The style of the cafe is very simple. Slotted into a narrow glass box at the front of an apartment block, with large glass walls and a high ceiling. The layout is minimal with a kind of modern Nordic feel. It’s surprisingly warm for a place where the predominant colour comes from the brush stone benches dr max, but that’s because light just pours into the cafe from all around.

The coffee is great as you would expect from someone of Vanessa’s skill and determination. She’s running 3 different Mazzer Robur grinders each with different blends in them, one for milk, one for espresso, and a single origin. I’m assuming the blends will change regularly as they refine the flavours, and as new and interesting beans arrive at 5 Senses (the roaster). The shots are pulled as short doubles for the most part, rich in flavour and texture. Coffee is such a variable and subjective thing that I’m loath to give tasting notes for specific drinks, but suffice to say the blends are designed to give the customer the best possible experience in each cup. I’d strongly suggest trying the milk blend with a cappucino and the espresso blend as an espresso or long black. There is quite a bit of difference to the body and acidity of different coffees that will lend themselves to certain drinks better than others.

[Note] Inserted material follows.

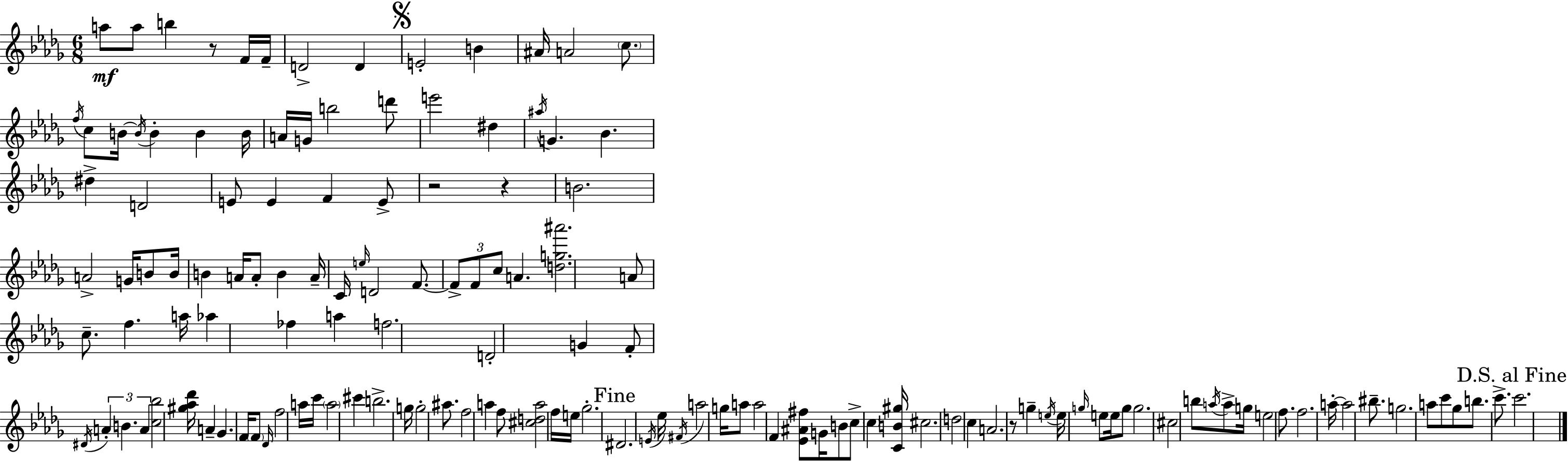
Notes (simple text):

A5/e A5/e B5/q R/e F4/s F4/s D4/h D4/q E4/h B4/q A#4/s A4/h C5/e. F5/s C5/e B4/s B4/s B4/q B4/q B4/s A4/s G4/s B5/h D6/e E6/h D#5/q A#5/s G4/q. Bb4/q. D#5/q D4/h E4/e E4/q F4/q E4/e R/h R/q B4/h. A4/h G4/s B4/e B4/s B4/q A4/s A4/e B4/q A4/s C4/s E5/s D4/h F4/e. F4/e F4/e C5/e A4/q. [D5,G5,A#6]/h. A4/e C5/e. F5/q. A5/s Ab5/q FES5/q A5/q F5/h. D4/h G4/q F4/e D#4/s A4/q B4/q. A4/q [C5,Bb5]/h [G#5,Ab5,Db6]/s A4/q Gb4/q. F4/s F4/e Db4/s F5/h A5/s C6/s A5/h C#6/q B5/h. G5/s G5/h A#5/e. F5/h A5/q F5/e [C#5,D5,A5]/h F5/s E5/s Gb5/h. D#4/h. E4/s Eb5/s F#4/s A5/h G5/s A5/e A5/h F4/q [Eb4,A#4,F#5]/e G4/s B4/e C5/e C5/q [C4,B4,G#5]/s C#5/h. D5/h C5/q A4/h. R/e G5/q E5/s E5/s G5/s E5/e E5/s G5/e G5/h. C#5/h B5/e A5/s A5/e G5/s E5/h F5/e. F5/h. A5/s A5/h BIS5/e. G5/h. A5/e C6/e Gb5/e B5/e. C6/e. C6/h.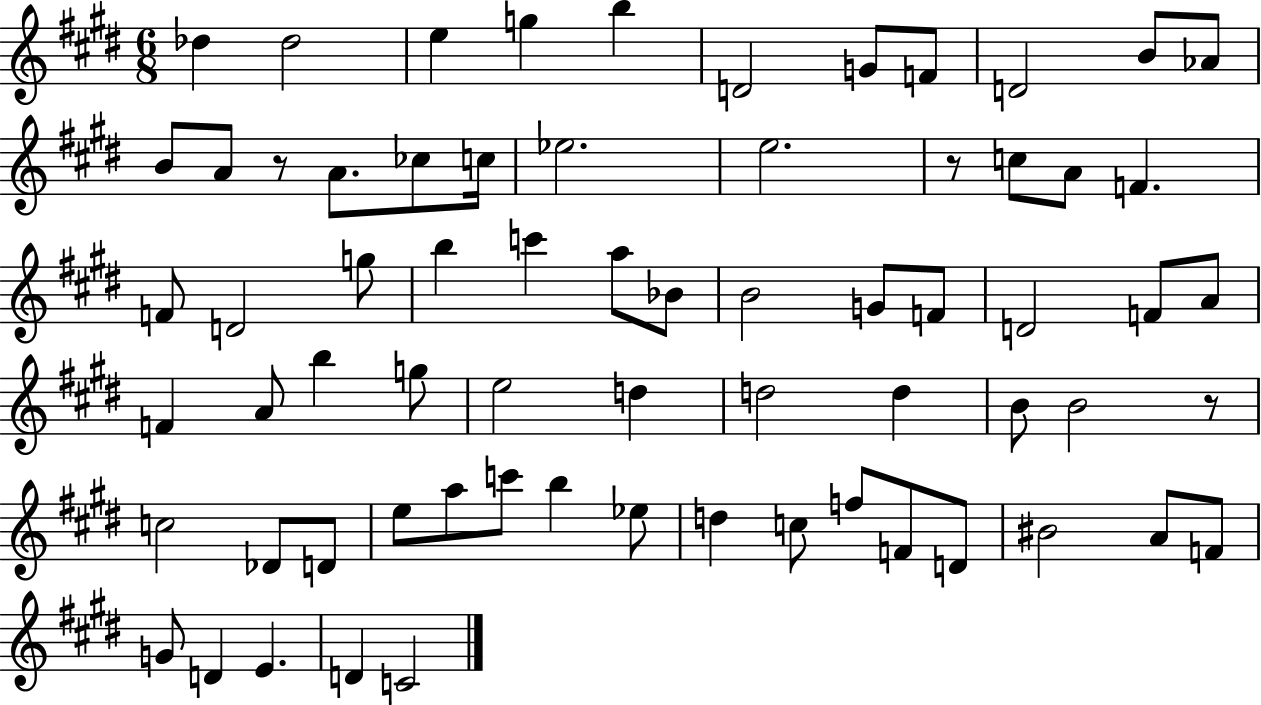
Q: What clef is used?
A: treble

They also have filter coffee on offer via the Clever Coffee Dripper, basically a device with a paper filter inside it that your use for pour over coffee, a method of preparation that retains much more origin characteristics of the beans than espresso does dr max.

One of the other things that has survived the passage of time from previous incarnations in other cafes is the hot chocolate made using Belgian couverture chocolate incorporated in molten form from a bain marie. It’s a decadent way for chocoholics to get their fix.

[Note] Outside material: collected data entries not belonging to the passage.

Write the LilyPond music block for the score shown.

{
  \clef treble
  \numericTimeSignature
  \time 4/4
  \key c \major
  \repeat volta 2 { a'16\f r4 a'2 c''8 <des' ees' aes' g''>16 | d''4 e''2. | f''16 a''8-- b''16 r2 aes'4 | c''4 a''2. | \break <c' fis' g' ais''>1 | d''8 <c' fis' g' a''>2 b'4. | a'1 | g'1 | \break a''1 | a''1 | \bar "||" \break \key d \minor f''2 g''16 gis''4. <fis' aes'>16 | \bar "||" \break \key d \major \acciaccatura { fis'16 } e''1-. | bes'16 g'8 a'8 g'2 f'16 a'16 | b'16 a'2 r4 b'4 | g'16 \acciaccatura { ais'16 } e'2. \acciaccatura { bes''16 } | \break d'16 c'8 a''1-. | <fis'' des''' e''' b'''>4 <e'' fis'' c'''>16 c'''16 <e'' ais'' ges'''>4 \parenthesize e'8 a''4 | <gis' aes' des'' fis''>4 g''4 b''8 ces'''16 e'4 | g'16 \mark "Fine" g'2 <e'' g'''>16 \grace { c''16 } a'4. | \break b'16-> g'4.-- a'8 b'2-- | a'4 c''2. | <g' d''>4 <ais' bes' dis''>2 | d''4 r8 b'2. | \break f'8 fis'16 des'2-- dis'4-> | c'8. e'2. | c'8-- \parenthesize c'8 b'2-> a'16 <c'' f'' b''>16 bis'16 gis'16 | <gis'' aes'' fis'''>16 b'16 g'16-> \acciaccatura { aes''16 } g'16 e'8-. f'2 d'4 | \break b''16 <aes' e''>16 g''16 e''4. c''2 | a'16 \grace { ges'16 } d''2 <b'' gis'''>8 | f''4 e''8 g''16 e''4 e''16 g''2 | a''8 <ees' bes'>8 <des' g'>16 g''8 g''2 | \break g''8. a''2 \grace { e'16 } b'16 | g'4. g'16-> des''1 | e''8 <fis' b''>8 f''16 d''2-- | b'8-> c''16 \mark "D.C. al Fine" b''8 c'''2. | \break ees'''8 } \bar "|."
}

Whilst it’s still early days for Bench, they are already having a great impact in the area, and along with the guys at Cafe 54, they’re finally giving workers on the east some good alternatives for CDB coffee without compromises. I’m looking forward to seeing where Vanessa’s coffee journey goes from here.

Lemon Chess Tartlets


In my childhood, there were usually two kinds of pie at almost any big dinner. Pecan Pie and Chess Pie. I, of course, adore Pecan Pie, and so did everyone else in the family. But, I clearly remember making the conscious decision that Chess Pie would be my favorite.

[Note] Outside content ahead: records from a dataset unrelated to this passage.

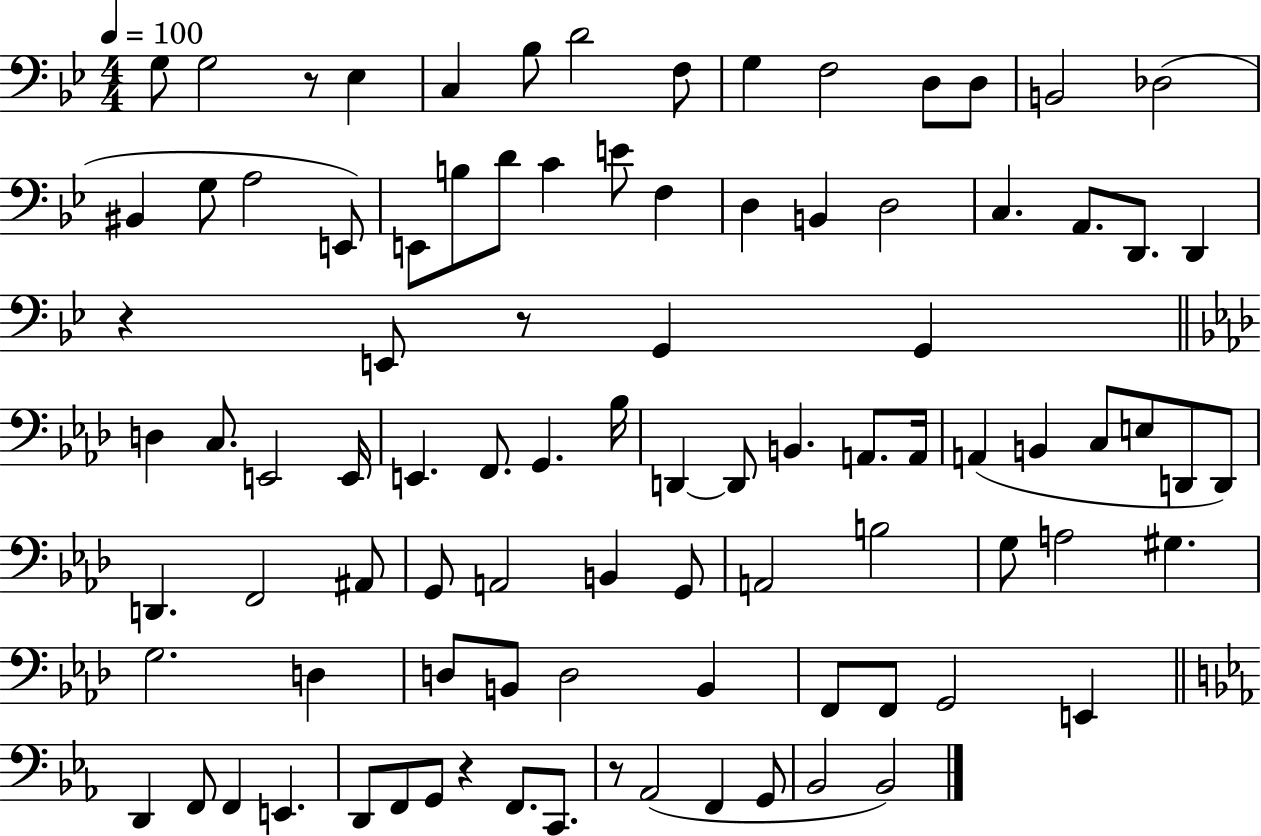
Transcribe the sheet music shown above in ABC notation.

X:1
T:Untitled
M:4/4
L:1/4
K:Bb
G,/2 G,2 z/2 _E, C, _B,/2 D2 F,/2 G, F,2 D,/2 D,/2 B,,2 _D,2 ^B,, G,/2 A,2 E,,/2 E,,/2 B,/2 D/2 C E/2 F, D, B,, D,2 C, A,,/2 D,,/2 D,, z E,,/2 z/2 G,, G,, D, C,/2 E,,2 E,,/4 E,, F,,/2 G,, _B,/4 D,, D,,/2 B,, A,,/2 A,,/4 A,, B,, C,/2 E,/2 D,,/2 D,,/2 D,, F,,2 ^A,,/2 G,,/2 A,,2 B,, G,,/2 A,,2 B,2 G,/2 A,2 ^G, G,2 D, D,/2 B,,/2 D,2 B,, F,,/2 F,,/2 G,,2 E,, D,, F,,/2 F,, E,, D,,/2 F,,/2 G,,/2 z F,,/2 C,,/2 z/2 _A,,2 F,, G,,/2 _B,,2 _B,,2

Somewhere along the way dc motor speed control, I kind of abandoned it. I didn’t do it on purpose. It was one of those desserts that someone else always made. In fact, I made my first one not that long ago.

Truth be told, I am fascinated by this pie and its variations. It’s one of the best examples of how just a handful of ingredients can make something so very good. These mini versions have a lemon twist to them that’s just perfect for summer.

I had some lemons left over from that amazing Lemon-Strawberry Shortcake and looked around specifically for a lemon tart recipe that would be both quick and simple. Not surprisingly, I found what I had in mind at Southern Living hosting service. Chess Pie is generally thought of as a Southern dessert, after all. Their basic chess tart recipe has a few variations if you’re looking for something a bit different Vitamin.

You can dress these up easily with some toasted coconut, toasted almonds, or just a sprinkling of confectioners’ sugar culturelle kids. You could even add a teaspoon of almond extract or coconut extract to the filling. I opted to go all lemon on these beauties. I think they’re pretty perfect in their sweet, lemon glory Panama Foundation.